The .Rmd source and data for this tutorial can be found here

The most frequent criticism I hear about R (OK, one of the most frequent criticisms, along with the bizarre subsetting syntax, the rather diffuse documentation and its laughable approach to truth-testing) is the seemingly glacial speed at which it executes a for loop.

It is true that the for loop in R takes a tediously long time but there is a proper R approach to iteration, though it can be (at least initially) pretty counter-intuitive.

The apply functions (apply, sapply, lapply etc.) are marginally faster than a regular for loop, but still do their looping in R, rather than dropping down to the lower level of C code. For a beginner, it can also be difficult to understand why you would want to use one of these functions with their arcane syntax.

If you have a multi-core machine, you can easily speed up your lapply calls by replacing them with the rather wonderful mclapply from the multicore package, but to effectively repeat processes in R, you really need to learn how to vectorise… Essentially, this means calling a function that runs its loops in C rather than R code. There are many built in functions that do this, such as the rowMeans or colMeans.

As an example, here I am just getting the row means of every row of two columns in the following 10000 row dataframe:

N <- 10000
x1 <- runif(N)
x2 <- runif(N)
d <- as.data.frame(cbind(x1, x2))

I compare the time to do this using a for loop…

system.time(for (loop in c(1:length(d[, 1]))) {
    d$mean2[loop] <- mean(c(d[loop, 1], d[loop, 2]))
})
##    user  system elapsed 
##  13.912   0.204  14.150

the apply function…

system.time(d$mean1 <- apply(d, 1, mean))
##    user  system elapsed 
##   0.180   0.000   0.179

and the vectorised rowMeans function:

system.time(d$mean3 <- rowMeans(d[, c(1, 2)]))
##    user  system elapsed 
##   0.004   0.000   0.002

On my machine, the vectorised function is >90 times faster than apply and >7,000 times faster than the R loop!

Also, consider filling a vector with a sequence of numbers.

The really bad way would be to use a loop and grow the vector with each iteration:

x <- c()
for (i in 1:1e+05) {
    x <- c(x, i)
}

Whereas it is better to use the vectorised seq function:

y <- seq(1, 1e+05)

or even better, in this simple case:

z <- 1:1e+05

The for loop took 15 seconds on my machine, the seq function took 0.001 second, and the time didn't even register above 0 for the last method!

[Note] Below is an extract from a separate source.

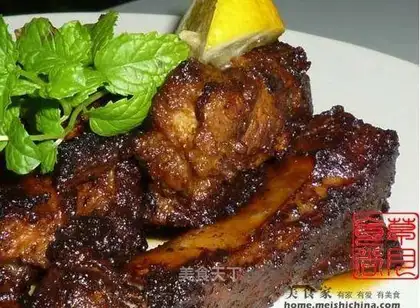 Limon-flavored ribs
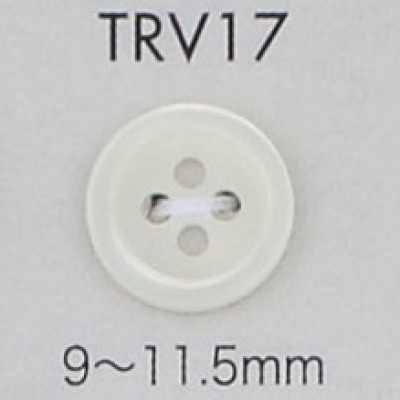 TRV17 四孔帶邊貝殼鈕扣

Finally, you may want to take values in a vector below a certain cutoff and replace them with something else, such as NA. It is tempting to do something like the following:

x <- runif(1e+06)
for (i in 1:length(x)) {
    if (x[i] < 0.05) {
        x[i] <- NA
    }
}

Here you have not only a one-million iteration for loop, but you are truth testing on every iteration as well. It is ~15 times faster (and far more compact and readable) to use the vectorised which function:

x <- runif(1e+06)
x[which(x < 0.05)] <- NA

Here, you are clearly trading off memory for speed, since the which function returns a temporary vector of x's that are less than 0.05 on top of another length-million temporary boolean vector from the x < 0.05 expression to compare against. The vectors will have to get pretty big for this to be a problem, though.

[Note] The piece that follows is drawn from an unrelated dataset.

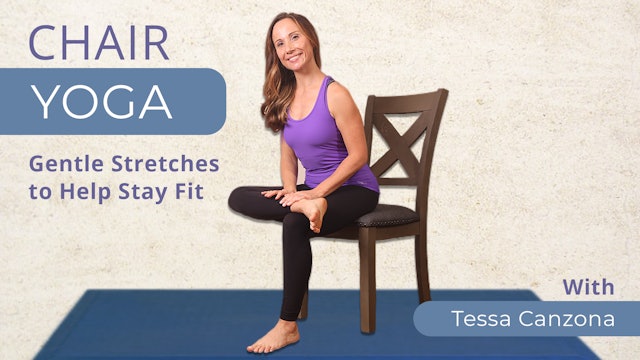 Chair Yoga for Seniors | with Tessa Canzona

These are obviously really simplified examples, but they can be applied to many problems. The fact is that removing loops will almost always make things faster, simpler and more readable. Wherever you find yourself wanting to write a for loop in R, stop and think. If you really do need to use a loop, try and keep as much outside of it as possible, build your sequences beforehand and rather than growing your vectors with each iteration, assign an empty matrix of the correct size at the start and fill it up using subscripting. Patrick Burns' The R Inferno has a really good chapter on replacing loops with vectorised functions and is well worth checking out.